Being a Ham Radio operator, I’ve always understood the risk inherent in using radio signals to transmit sensitive information: anyone with the right equipment can receive and record anything transmitted over the air. These days, I’m noticing a lot of people in various offices walking around with these cute wireless headsets hooked up to their office phones.
Ever wondered what kind of security risk these things might pose to your company? Yeah, me too. So, did the folks at Secure Network Technologies as evidenced by their article “Hacking Wireless Headsets” that appeared Jan. 22, 2008 at DarkReading.com, a site that provides in-depth security news and analysis. Here’s an excerpt:
To perform the work, we purchased a commercially available radio scanner. These devices are available at any local electronics retailer at prices ranging from $80 to several thousand dollars. We chose a scanner capable of monitoring frequencies from 900-928 Mhz and the 1.2 Ghz ranges, which is where many of the popular hands-free headsets operate.
We took a position across the street from the facility and started up the scanner. Within seconds of turning on the device we were able to listen to conversations that appeared to be coming from our client’s employees. Several of these conversations discussed the business in detail, as well as very sensitive topics. After some careful listening, we determined that the conversations were indeed coming from our customer.
See the nightmare coming? With the right information you can then use social engineering techniques to get your tentacles very deep into the company. And that’s exactly what they did:
Our plan was to assume an identity of an employee who had never been to the office we were testing. Using that identity, we would enter the building, commandeer a place to sit and work, then see how long we could stay inside the building. After zeroing in on a particular employee, we gathered as much intelligence on him as we could. To prepare for the entry into the facility, we printed a business card with our assumed identity.
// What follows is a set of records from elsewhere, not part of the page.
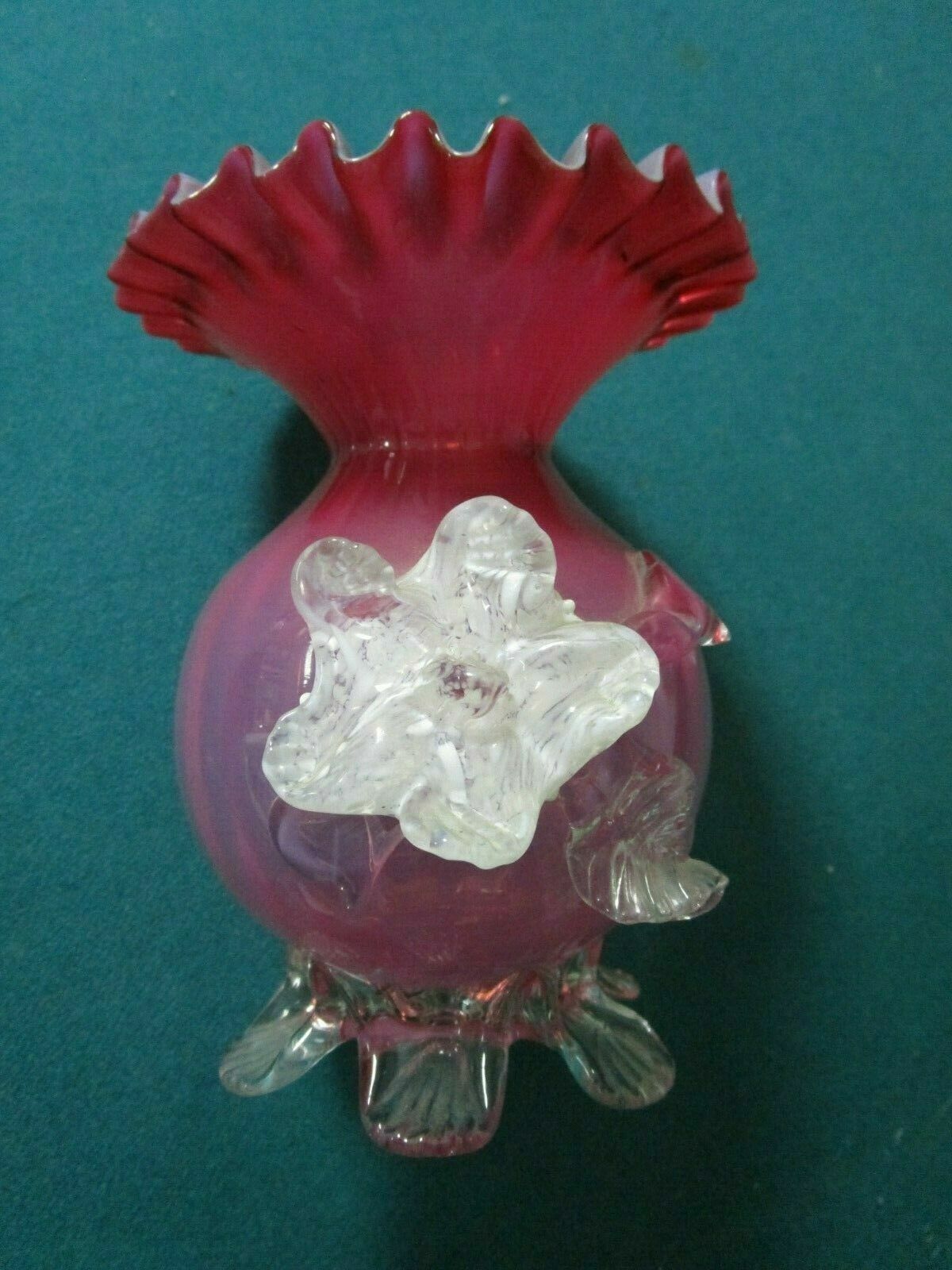 VICTORIAN ANTIQUE STEVENS & WILLIAMS GLASS BASKET JACK IN PULPIT ROSES PICK1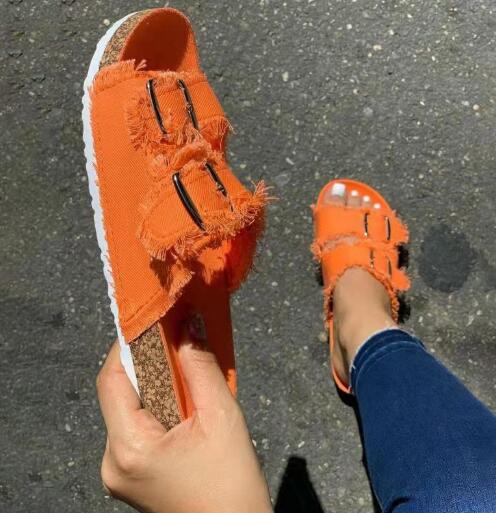 Summer Unique New Casual Denim Solid Color Canvas Buckle with Two Words with Flat Slippers P724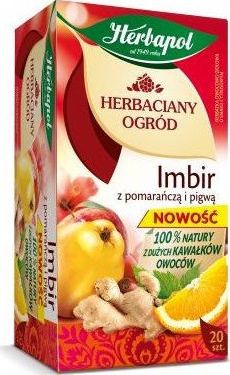 Herbapol Herbata owocowa Herbaciany ogród - imbir z pomarańczą i pigwą 20 torebek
I put on my best suit, and then went to work.
In all, they spent three days “working” in the company, gaining access to all sorts of information, technology, and resources. Not only that, but they also discovered that the headsets acted as bugging devices; even when disconnected, the headsets continued to transmit. The impersonators were able to listen in on conversations carried on by the wearers.
Be afraid. Be very afraid Seriously, read the article and if your office uses these things, do your own tests to find out where you’re leaking. Then, plug the leaks.